Experiment 2 was a traffic experiment located on the organically managed Rugballegård Experimental Station, Denmark. The experiment was concerned with the effect of topsoil compaction on soil physical properties. A compaction treatment, labeled PAC, was compared with a reference treatment, labeled REF. The experiment was established in 1997 and the treatments were applied to plots in a randomized block design with three blocks. In each experimental year (19971999), the PAC treatment was carried out in early spring on soil at field capacity or wetter than field capacity. The treatment was performed after moldboard plowing to a 20-cm depth. The PAC treatment was obtained by creating adjacent wheel tracks using a 6- to 8-Mg tractor (inflation pressure 125 kPa). Secondary tillage and sowing were carried out later in the spring by an S-tine harrow and a traditional drill at moisture content around field capacity.
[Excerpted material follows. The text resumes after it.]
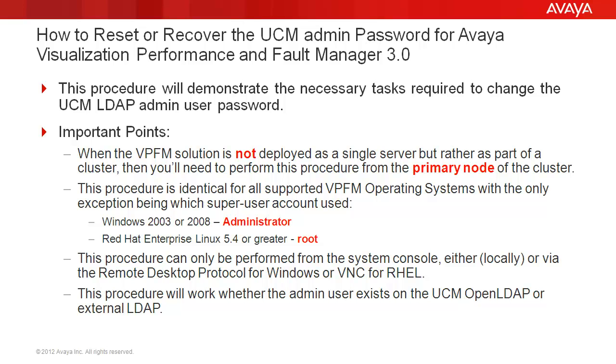This procedure is identical for all supported VPFM operating systems, with the only exception being which superuser account is used. For Windows 2003 or 2008, you'll be using the Administrator account, and for Red Hat Enterprise Linux 5.4 or greater operating system, you would use the root account.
Small grain cereals were grown in all experimental years.
Sampling
In Exp. 1, a representative and uniform area of each field was selected to fit texturally the counterpart. For each field, nine sampling points were identified at the intersection of a 10 by 10 m grid. At each grid point
1 m2 of land was used for sampling and field measurements. To reduce effects of temporal variation in the parameters studied (e.g., Mulla et al., 1992), sampling and field measurements was carried out in early spring when the soil first reached water content of field capacity in an autumn-sown winter small grain cereal crop. Bulk soil was sampled from the 6- to 13-cm depth at all nine grid intersections and stored in plastic containers.
For the Exp. 2, soil sampling was performed in May 1999 shortly after plant emergence at a water content slightly drier than field water capacity (Table 2). For each plot a subsample was taken at the 7- to 12-cm depth in three 0.5 m2 areas. Subsequently, the three subsamples from each plot were bulked.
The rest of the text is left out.